I have been so tired of going back and forth with this idea of growing up. I've beaten my dead horse long enough. I know others are desperate to hear me sing a new song, one in which the chorus is not filled with an occasional melody of doubt and mistrust. Rhetorical questions race through my mind as I talk things over with Him... Are You big enough to really change me? Are You big enough to take me out of this pattern, or is this something that I am going to keep battling for the rest of my life? Why can't I apply the same faith I had on that day I decided to move to China to the daily heart, soul and mind struggles here?.........(sigh). I sometimes feel that the girl you are prying for is not the same as the girl who is speaking to you through her words. Yet, even though I feel this way, and even though I move from the hand of my G-d sometimes, He does not move...

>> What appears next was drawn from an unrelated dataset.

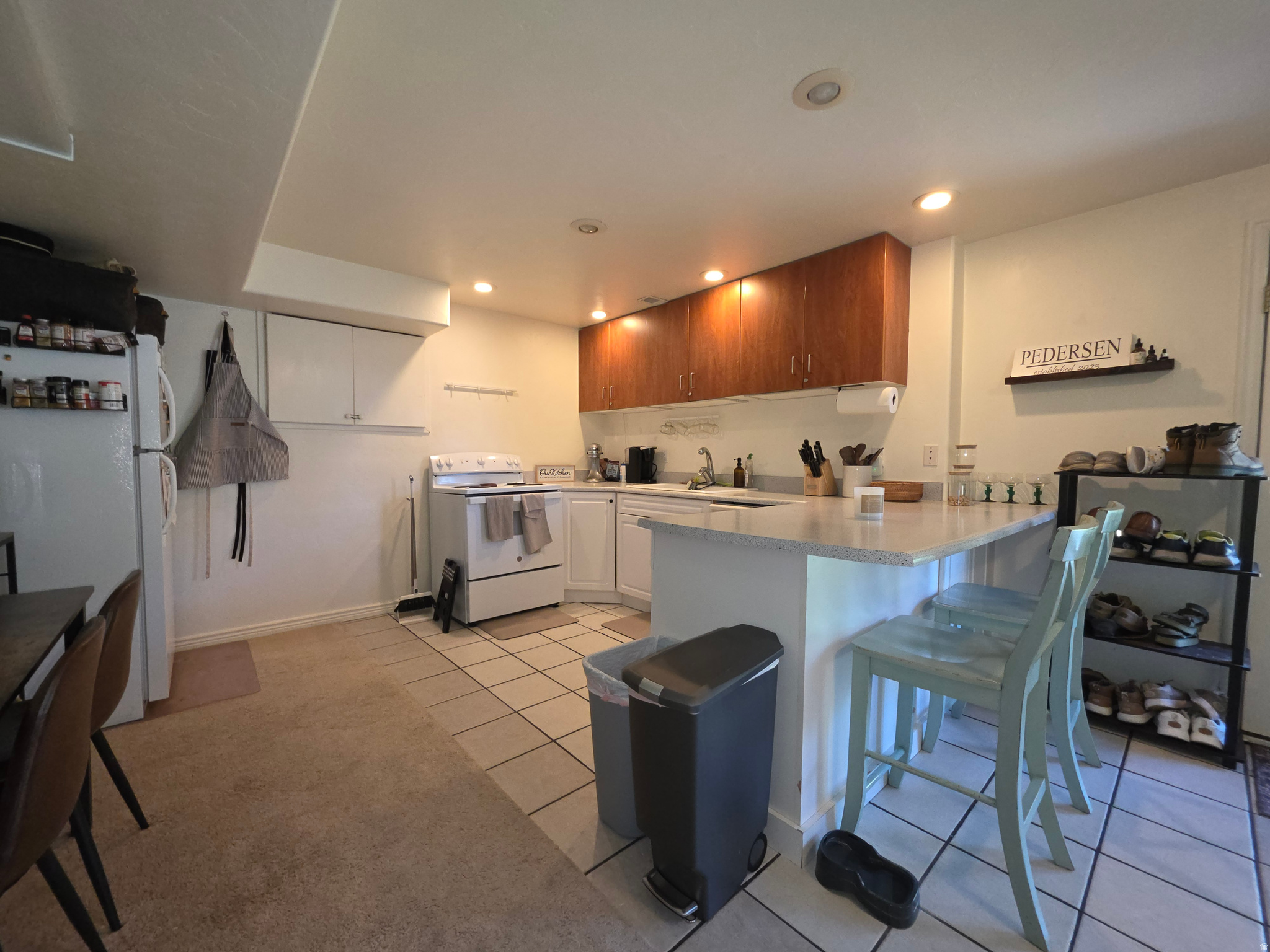 SAUNDERS - Residential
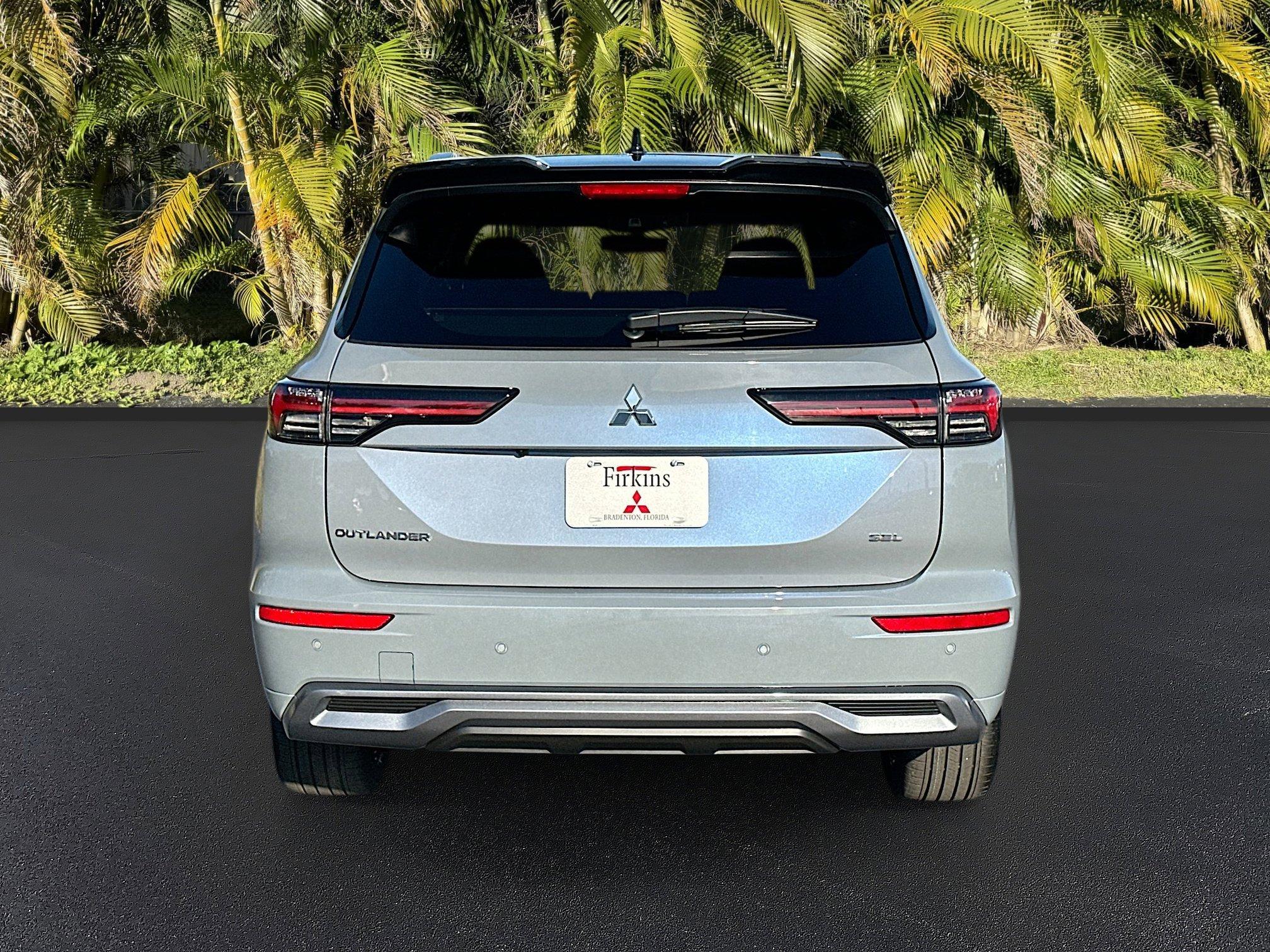 Mitsubishi Outlander Sel With Navigation - Thumbnail 5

Here is my problem: I do not receive, because I do not believe. "If any of you lacks wisdom, he should ask (Him) who gives generously to all without finding fault, and it will be given to him. But when he asks, he must believe and not doubt, because he who doubts is like the wave of the sea, blown and tossed about by the wind. That man should not think he will receive anything from the Lrd; he is a double-minded man, unstable in all he does." James 1:5-8
It's getting harder as I move closer to my vision.
I must live by revelation and not reaction.
The rest of I Corinthians 13 says, "Now we see but a poor reflection as in a mirror; then we shall see face to face. Now I know in part; then I shall know fully, even as I am fully known."
It's awesome to see here that what we know now is nothing in comparison to what we will know once we see our Maker face to face. Our trials, our disasters, our mistakes will be as nothing in light of Him. Our small vision that He has entrusted us with, because He loves us that much, will make much more sense on the Day of Completion than it does now. This expansion, these growing pains, are all worth it, though I do not fully know today my greater purpose, nor understand why He has chosen me. But like the end of the verse says, I am fully known. G-d knows what He is doing, so ironically in answer to my rhetorical questions, YES. YES He is big enough. All of this is for His glory and His praise because he is worthy of my everything.
"For the message of the cross is foolishness to those who are perishing, but to us who are being saved it is the power of Gd." I Corinthians 1:18.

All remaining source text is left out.